MINNEAPOLIS – The man who has played Ragnar at Vikings games for the past 21 years doesn't dispute he set a high price on his services this season , but Joe Juranitch said Friday the NFL team was planning to phase him out well before they saw his contract demand.
Juranitch, who won an audition to become the Vikings' official mascot in 1993, was never sent a contract, or even credentials, for any of the team's home exhibition games or the home opener last Sunday at TCF Bank Stadium.
"I don't care if you're the Pope or Ragnar, if you don't have accreditation, you're not getting on the field," Juranitch said in a phone interview Friday.
"I asked them, 'Should I come to the first preseason game?' 'No.' Then I ask them, 'Should I come to the second preseason game?' 'No.' I asked last Wednesday where was the contract they said they were going to send over to me. They told me to put one together by the end of Friday. 'Should I come on Sunday?' 'No.' "
Juranitch, 54, said he already knew he would be working in a limited role moving forward when he set his price at $20,000 a game, a figure he now regrets using to start what he assumed was an opening salvo in a negotiation.
Instead, he said, the Vikings ended the conversation, and he hasn't heard from them since.
"I'm really hoping they contact me back and say, 'Come on, buddy, let's start all over again.' And this time I'll learn from my mistakes," he said.
If the Vikings are interested, they're keeping it a secret.
Contacted Friday, the team resent a statement released Monday, when the Vikings officially announced the split. In it, the team said Juranitch's contract had expired, and "multiple conversations" failed to bring agreement on a new one.
A team spokesman on Friday said the Vikings wanted only to "reiterate how much we appreciate what Joe has meant to the organization."
Since 1994, Juranitch would arrive on the field riding a purple-and-gold Harley-Davidson and wearing a horned helmet, his long beard flowing over a sheep skin vest. During games, he was part entertainer, part cheerleader -- wielding a replica Viking ax and entreating fans to cheer on the Vikings.
He was paid $1,500 for every home game under a contract written by the team, he said, before the team asked him to come up with a proposal for a new deal.
"They wanted a contract together by (Sept. 21) and it's like, I don't know what to put together," he said. "They kept saying, 'We need it now, we need it now.' Who can I turn to? I turned to a buddy I thought could help me with this thing. Now they say, 'No. We don't have a contract.' "

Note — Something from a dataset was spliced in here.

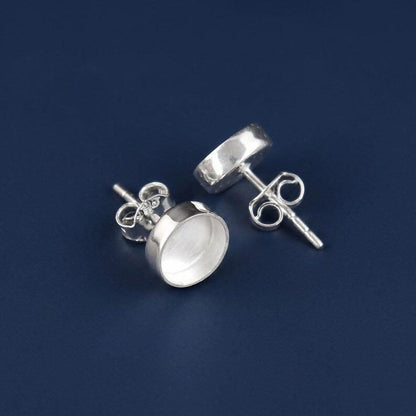 925 sterling silver round blank bezel cup Stud earring collet 5mm to 15mm round gemstone bezel cup earring metal casting, stud earring DIY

For years Juranitch worked in education in the Minnetonka and Hopkins school districts, first as a security guard, later as an assistant dean of students. He now works for RazorEdge Systems, a cutting-edge business his father started in Milwaukee before moving it to Ely, Minn. But Juranitch was still making the four-hour drive to perform at Vikings games.
The Vikings play host to the San Diego Chargers at noon Sunday.
"Nobody told me that my day is done," Juranitch said. "Nobody has called me from the Vikings and said we've parted ways; I read that in the newspaper. That's why I think there's still hope. I believe I'll be on field this Sunday."